== Segment start ==

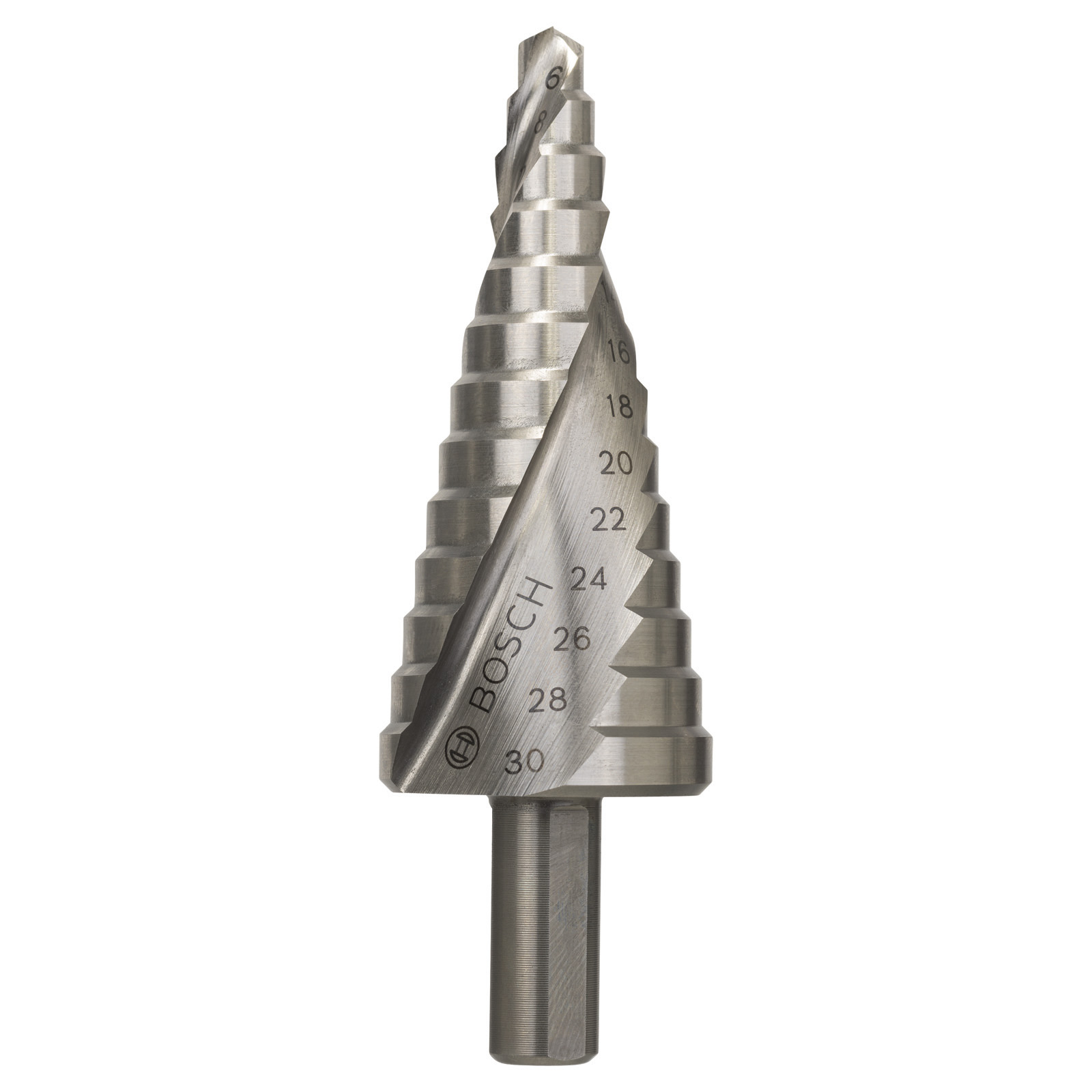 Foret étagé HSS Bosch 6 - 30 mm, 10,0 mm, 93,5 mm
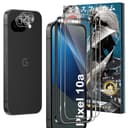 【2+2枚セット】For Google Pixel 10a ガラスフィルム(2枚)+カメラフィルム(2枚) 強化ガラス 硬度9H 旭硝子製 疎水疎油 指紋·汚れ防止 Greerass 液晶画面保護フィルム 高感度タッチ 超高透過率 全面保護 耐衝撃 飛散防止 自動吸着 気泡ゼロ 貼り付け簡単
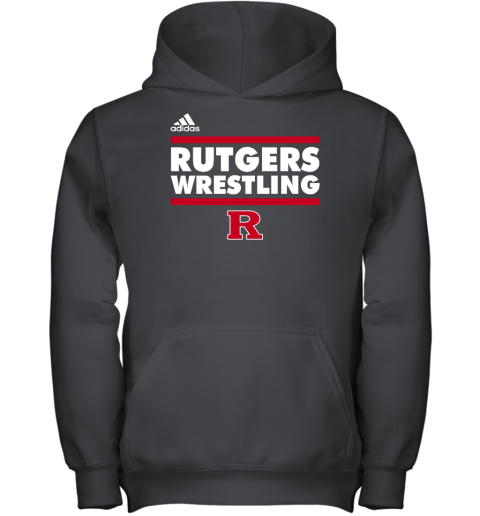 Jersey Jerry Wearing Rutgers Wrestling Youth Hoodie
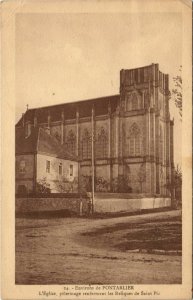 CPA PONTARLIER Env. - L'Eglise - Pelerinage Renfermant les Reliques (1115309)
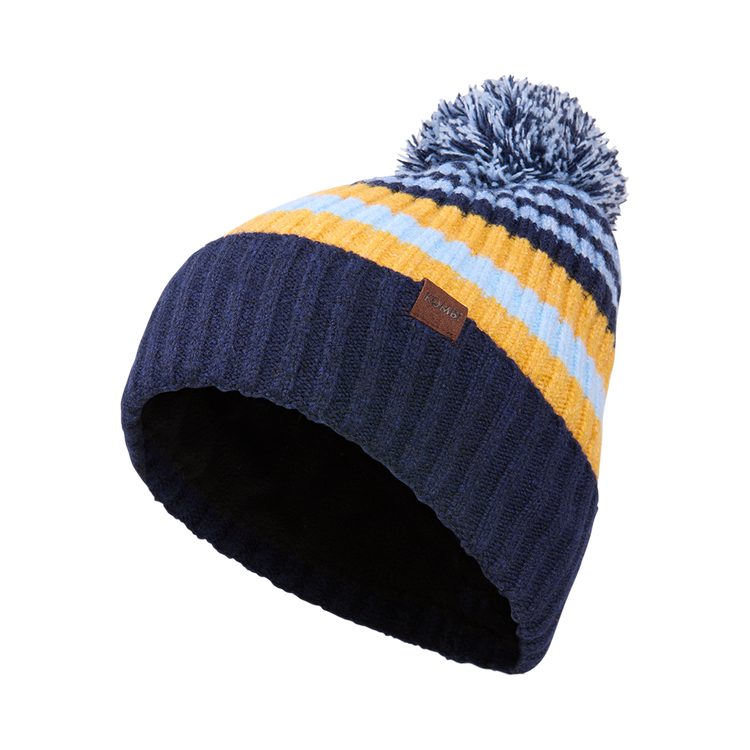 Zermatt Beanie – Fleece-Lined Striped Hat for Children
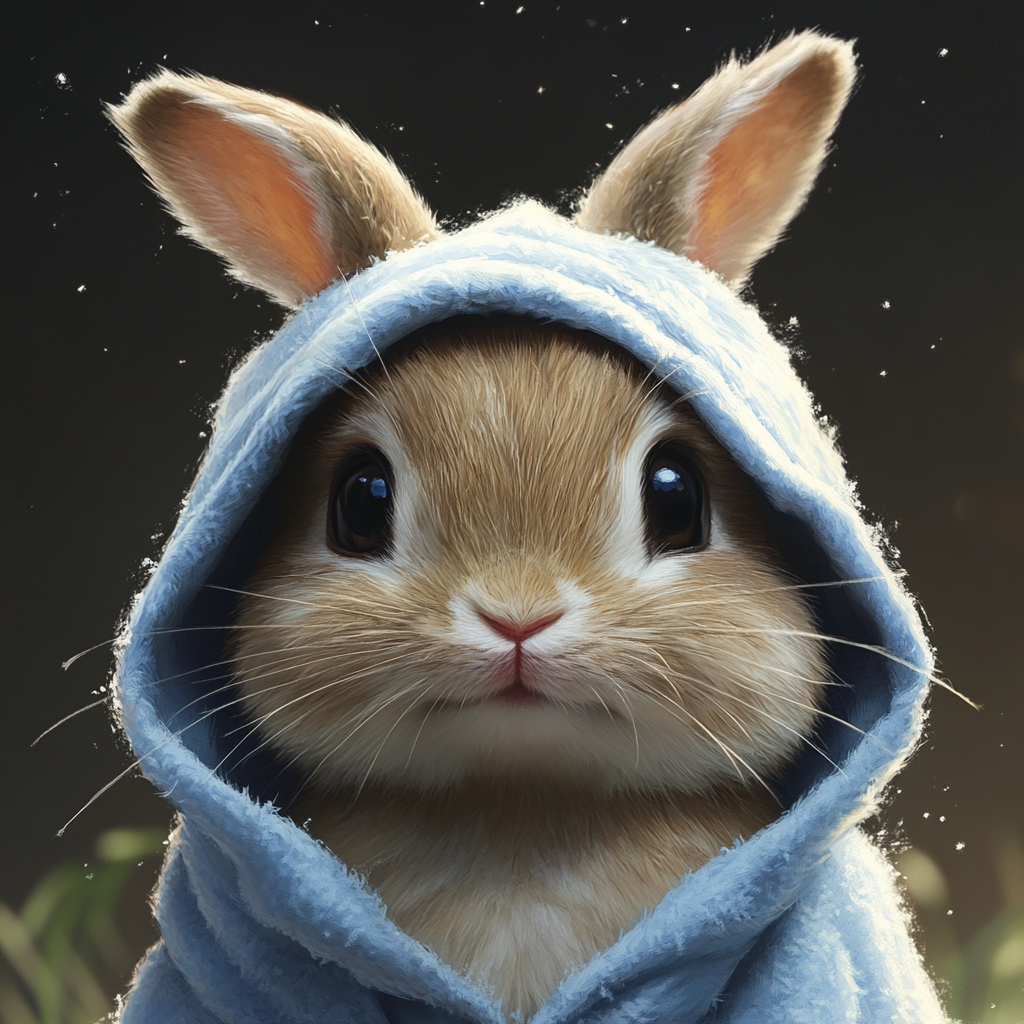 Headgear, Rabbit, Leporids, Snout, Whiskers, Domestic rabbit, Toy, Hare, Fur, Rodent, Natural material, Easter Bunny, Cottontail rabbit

== Segment end ==

EXERCISE DIRECTIONS: Nothing but the pictures is to be left out; repeat the data exactly.

RESULT FOR THIS EXERCISE:
 Foret étagé HSS Bosch 6 - 30 mm, 10,0 mm, 93,5 mm
 【2+2枚セット】For Google Pixel 10a ガラスフィルム(2枚)+カメラフィルム(2枚) 強化ガラス 硬度9H 旭硝子製 疎水疎油 指紋·汚れ防止 Greerass 液晶画面保護フィルム 高感度タッチ 超高透過率 全面保護 耐衝撃 飛散防止 自動吸着 気泡ゼロ 貼り付け簡単
 Jersey Jerry Wearing Rutgers Wrestling Youth Hoodie
 CPA PONTARLIER Env. - L'Eglise - Pelerinage Renfermant les Reliques (1115309)
 Zermatt Beanie – Fleece-Lined Striped Hat for Children
 Headgear, Rabbit, Leporids, Snout, Whiskers, Domestic rabbit, Toy, Hare, Fur, Rodent, Natural material, Easter Bunny, Cottontail rabbit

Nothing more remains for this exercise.